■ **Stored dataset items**
************

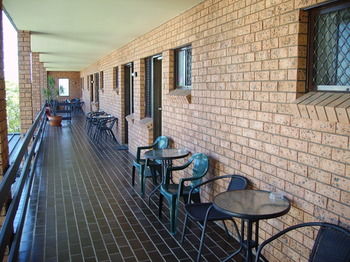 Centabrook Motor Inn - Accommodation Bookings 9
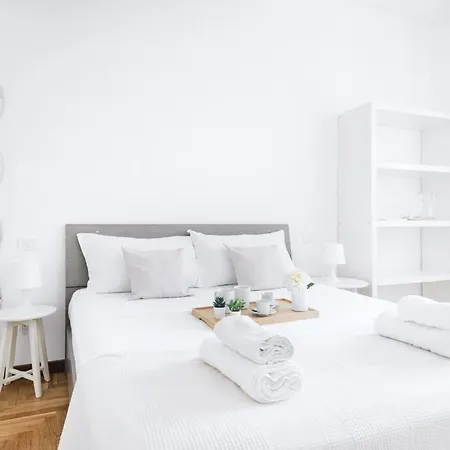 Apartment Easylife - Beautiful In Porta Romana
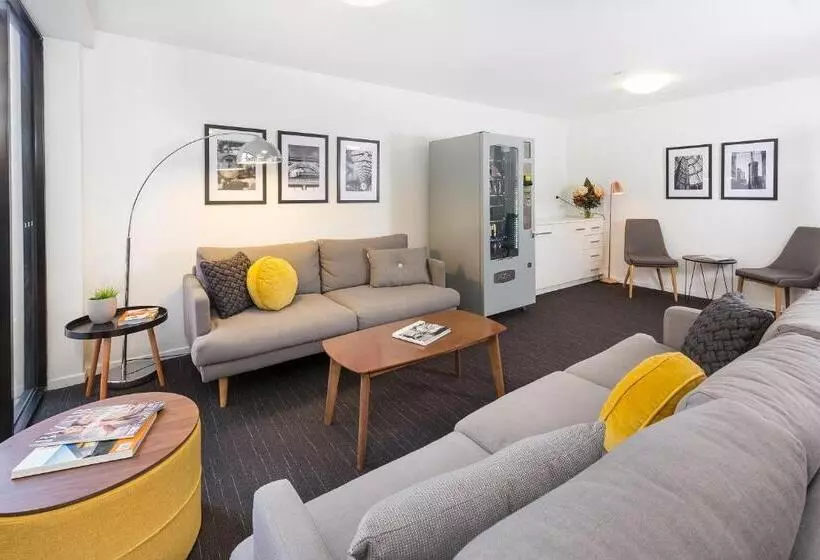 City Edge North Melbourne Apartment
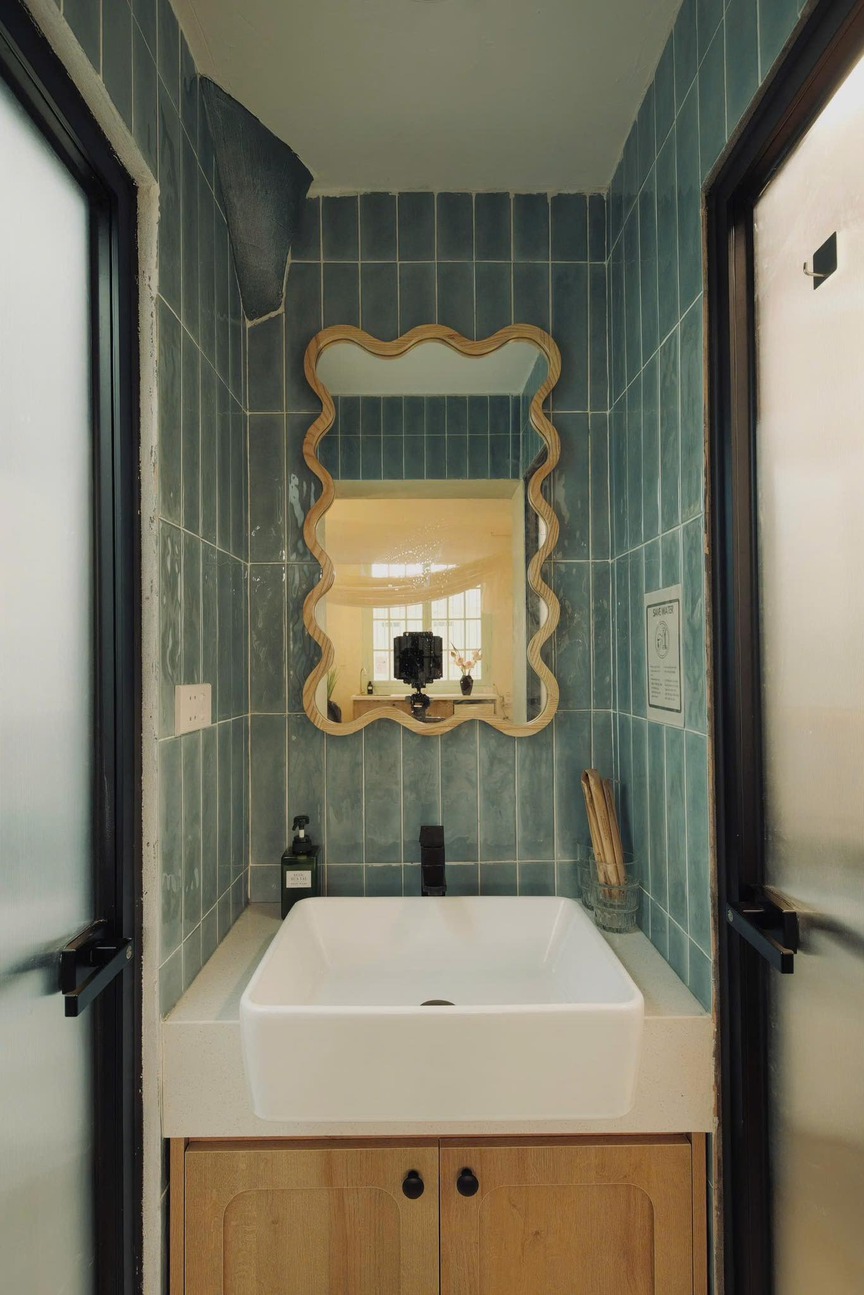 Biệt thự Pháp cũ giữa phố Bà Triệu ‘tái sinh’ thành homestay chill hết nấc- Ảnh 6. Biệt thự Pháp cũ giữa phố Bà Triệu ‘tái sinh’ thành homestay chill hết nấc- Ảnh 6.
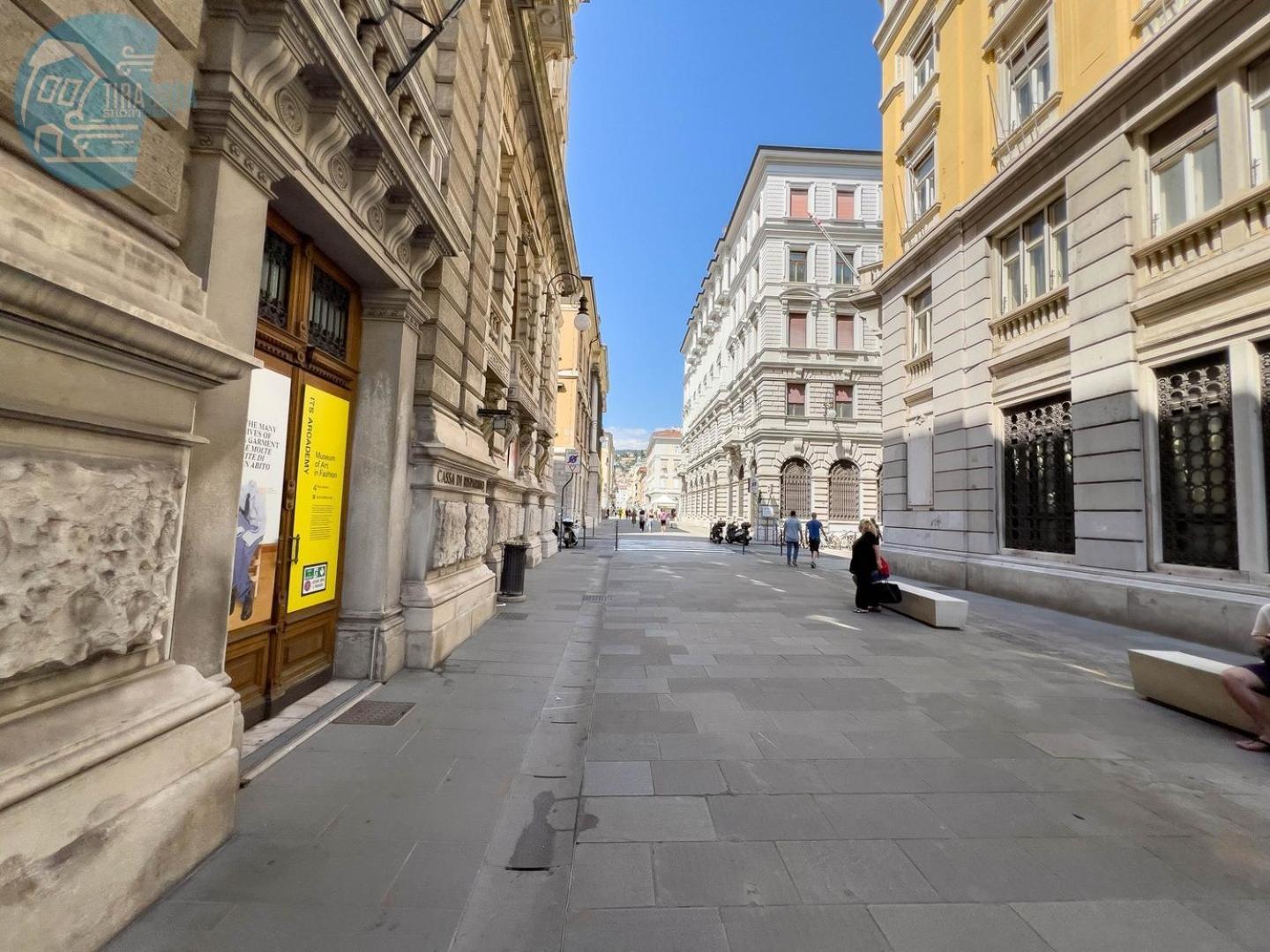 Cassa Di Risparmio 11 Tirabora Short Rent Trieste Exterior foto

************

■ **Exercise details**
Copy nothing outside the span: please output the lines from the one with "Ảnh 6. Biệt" through the end of the entries above, and skip the pictures.

■ **Written response**
 Biệt thự Pháp cũ giữa phố Bà Triệu ‘tái sinh’ thành homestay chill hết nấc- Ảnh 6. Biệt thự Pháp cũ giữa phố Bà Triệu ‘tái sinh’ thành homestay chill hết nấc- Ảnh 6.
 Cassa Di Risparmio 11 Tirabora Short Rent Trieste Exterior foto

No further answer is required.